Martin McGuinness told us why he'll be a TD one day

But only in a united Ireland.

Screen Shot 2015-12-15 at 12.54.46 p.m.

Well, ultimately, whenever Ireland is united I will be a member of the Dáil, but until that I have to continue my work as an elected politician in the North.

SO CLINICAL AND matter-of-fact is Martin McGuinness when asked if he’d ever like to be a TD that you’d almost believe it’s only a matter of time before he is sitting alongside Gerry Adams in Leinster House.

Such a thought might send chills down the spines of Sinn Féin’s detractors but it is, after all, the party’s raison d’être.

That said, you do not get an overwhelming sense of urgency from the North’s Deputy First Minister when asked if there will be a united Ireland in his lifetime.

“Well, I am working for that,” he told this week. “I don’t know how long I am going to live, but I don’t be fixated by dates.”

Michelle Hennessy /

For McGuinness, the priority right now is the North and “remaining faithful” to the various power-sharing agreements hammered out in recent years.

This includes the most recent Fresh Start document that took 10, painstaking weeks to negotiate before a deal was struck earlier this year.

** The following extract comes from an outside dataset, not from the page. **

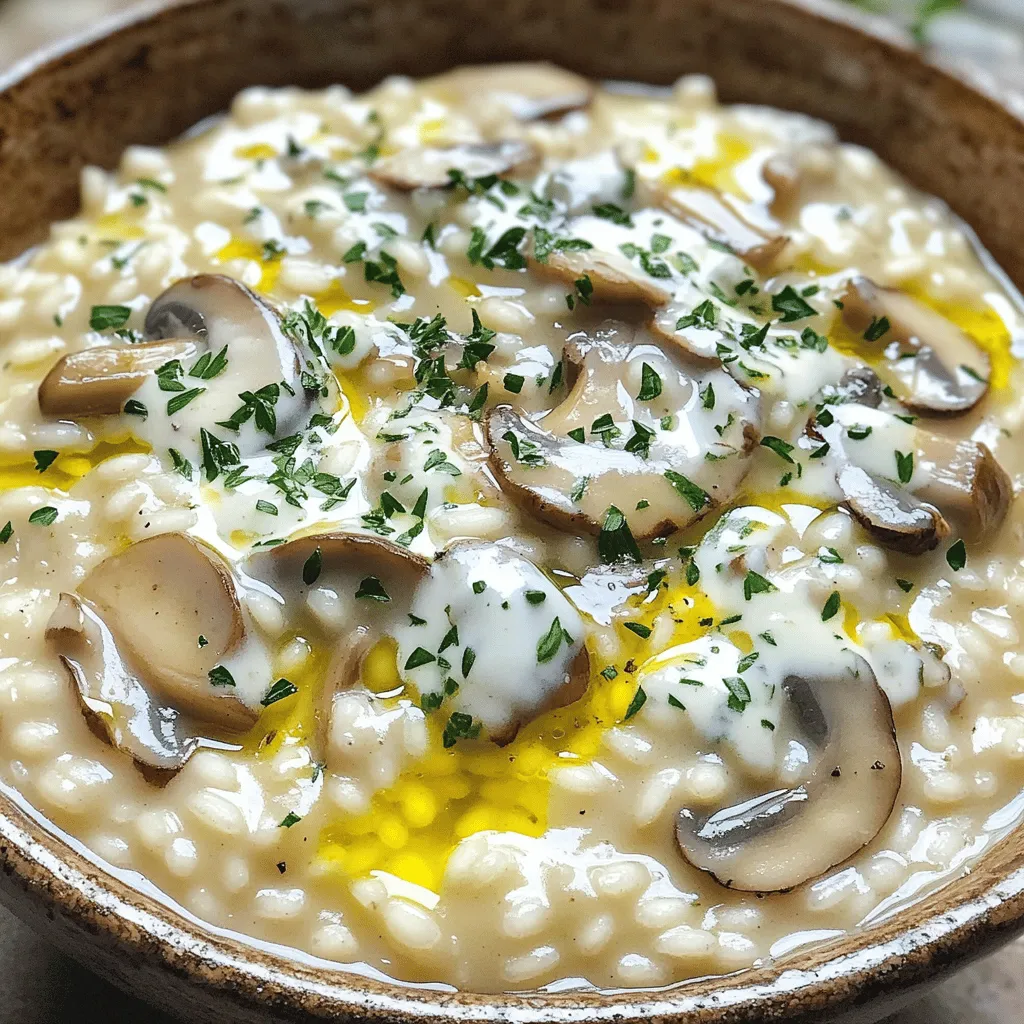 - 1 cup Arborio rice - 4 cups vegetable broth (heated and kept warm) - 2 tablespoons olive oil - 1 medium onion, finely chopped - 3 cloves garlic, minced - 2 cups mixed mushrooms (such as cremini and shiitake), sliced - 1 teaspoon fresh thyme, chopped - 1 tablespoon nutritional yeast (optional) - ½ cup heavy cream or coconut cream - Salt and pepper to taste - Fresh parsley, chopped (for garnish) You need specific ingredients to make creamy mushroom risotto. The star of the dish is Arborio rice. This rice is special because it is high in starch. It becomes creamy as it cooks. You will also need vegetable broth. Keep it warm on the stove while you cook. This helps the rice absorb the liquid evenly. Next, gather your aromatics: olive oil, onion, and garlic. They create a strong base for flavor. Add a mix of mushrooms, like cremini and shiitake. These mushrooms add depth and richness. Don't forget the fresh thyme! It brightens the dish. If you want more creaminess, use nutritional yeast. It is optional but gives a nice flavor. Finally, heavy cream or coconut cream will finish the dish. It adds a rich, velvety texture. Season with salt and pepper to taste. Make sure to garnish with fresh parsley before serving. These simple ingredients create a rich and flavorful delight. For the full method, check the Full Recipe. Heat vegetable broth in a saucepan over low heat. Keep it warm so the rice cooks evenly. This step is key for a creamy texture. Next, heat olive oil in a large skillet. Add the finely chopped onion. Sauté for about 3-4 minutes until soft. Then, add minced garlic and stir for one minute. This adds great flavor to your dish. Now, add sliced mushrooms to the skillet. Sauté them with thyme for about 5-7 minutes. You want them tender and slightly browned. This brings out their rich taste. Pour Arborio rice into the skillet. Stir it for about 2 minutes. This toasting helps coat the rice grains, which makes the risotto creamier. Start adding warm broth, one ladleful at a time. Stir often and wait until the rice absorbs most of the liquid. Continue this for about 18-20 minutes until the rice is creamy and al dente. Once cooked, remove the skillet from the heat. Stir in heavy cream or coconut cream for extra creaminess. Add salt and pepper to taste. This step makes the risotto rich and smooth. Serve the risotto hot, topped with fresh chopped parsley. Drizzle a little olive oil on top for added flavor. You can also add some mushroom slices for a nice touch. For the full recipe, check out the details above. To get that creamy texture, add broth slowly. This method lets the rice soak up the liquid. Adding too much broth at once makes the risotto watery. Stir often while adding the broth. This helps release the starch from the rice. The starch is what makes risotto thick and creamy. So, patience is key here! For the best flavor, I recommend using mixed mushrooms. Cremini and shiitake mushrooms work great together. Cremini gives a nice earthy taste, while shiitake adds a rich depth. You can also try button mushrooms if you want something milder. Feel free to mix in wild mushrooms for a unique twist! Each type of mushroom adds its own special touch. If you want a vegan risotto, swap heavy cream for coconut cream. Coconut cream adds a rich, creamy texture without dairy. It also brings a hint of sweetness that pairs well with mushrooms. Just make sure to use full-fat coconut cream for the best results. This option keeps the dish rich and satisfying without losing flavor. You can still enjoy a delicious creamy mushroom risotto! For the full recipe, check out the main section. {{image_4}} You can boost your creamy mushroom risotto with protein. Chicken and shrimp work well. For chicken, use small pieces and cook them before adding the rice. They can soak up flavors from the broth. For shrimp, add them during the last 5 minutes of cooking. They will become soft and tender. This addition makes your dish heartier and more filling. To enhance flavor, consider adding white wine. A splash of dry white wine can brighten the dish. Add it after cooking the mushrooms. Let it cook down a bit before adding the rice. Different herbs can also change the taste. Fresh basil or oregano can add a nice twist. Experiment with what you have on hand to make it unique. You can also add seasonal or roasted veggies to your risotto. Asparagus, peas, or roasted bell peppers add great color and taste. Add them in the last few minutes of cooking. This keeps them firm and bright. Roasting veggies before adding them brings out their sweetness. It adds depth to your creamy mushroom risotto. For more ideas, check the Full Recipe for inspiration. Store your leftover risotto in an airtight container. This keeps the dish fresh. Make sure to let it cool first. Then, seal it tightly and place it in the fridge. It will last for about three days. To reheat risotto, use a pan on low heat. Add a splash of broth or cream. Stir often to keep it creamy. You can also use the microwave. Heat in short bursts, stirring in between. This helps keep the texture smooth. You can freeze risotto, but it may change in texture. Place it in a freezer-safe container. Leave some space for it to expand. When ready to eat, defrost it in the fridge overnight. Reheat gently as mentioned above. Enjoy your creamy mushroom risotto even later! For the full recipe, check out the details above. Creamy mushroom risotto can last up to three days in the fridge. Store it in an airtight container. For best taste, eat it within this time frame. Make sure it cools down before you put it in the fridge. You can use brown rice, but the texture will change. Arborio rice is starchy and gives risotto its creamy feel. Brown rice has a chewier texture and takes longer to cook. The flavor will be nuttier, which some people enjoy. Pair creamy mushroom risotto with a fresh salad or grilled vegetables. A crisp white wine, like Sauvignon Blanc, complements the dish well. You can also serve it with roasted chicken or seafood for a heartier meal. To make risotto less creamy, use less broth or cream. You can also stir in more vegetables to absorb some creaminess. Letting the risotto sit for a few minutes will help it firm up, too. You can prepare risotto ahead of time, but it’s best served fresh. Cook it almost fully, then cool it down. When ready to serve, reheat it gently and add a bit more broth or cream to restore creaminess. For the full recipe, check the main article. This blog post covered how to make creamy mushroom risotto. We explored key ingredients and step-by-step instructions. You learned about tips for a perfect texture and delicious variations. With these easy steps, you can create a tasty dish that impresses. This risotto is flexible, so try your favorite flavors. Enjoy your cooking journey and savor every bite!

Such deals with the DUP and others would have been “unimaginable” not so long ago, the Sinn Féin MLA insists.

These agreements, from everything he says in our interview earlier this week, remain the priority but that doesn’t mean he will forget the ultimate aim:

I am working to remain faithful to those agreements. [But] for us in Sinn Féin it’s quite legitimate for us to make the case that socially, politically and economically the island of Ireland would be much more prosperous and normal for all of us if we are united.


While McGuinness continues his work in the North, polls show Sinn Féin on the rise in the south.

Granted, the party is not at the level of support it was last year when it had a tremendous local and European elections. But it is almost certain to increase its number of Dáil seats next year. McGuinness believes this is because an increasing number of people are “attracted to our politics”.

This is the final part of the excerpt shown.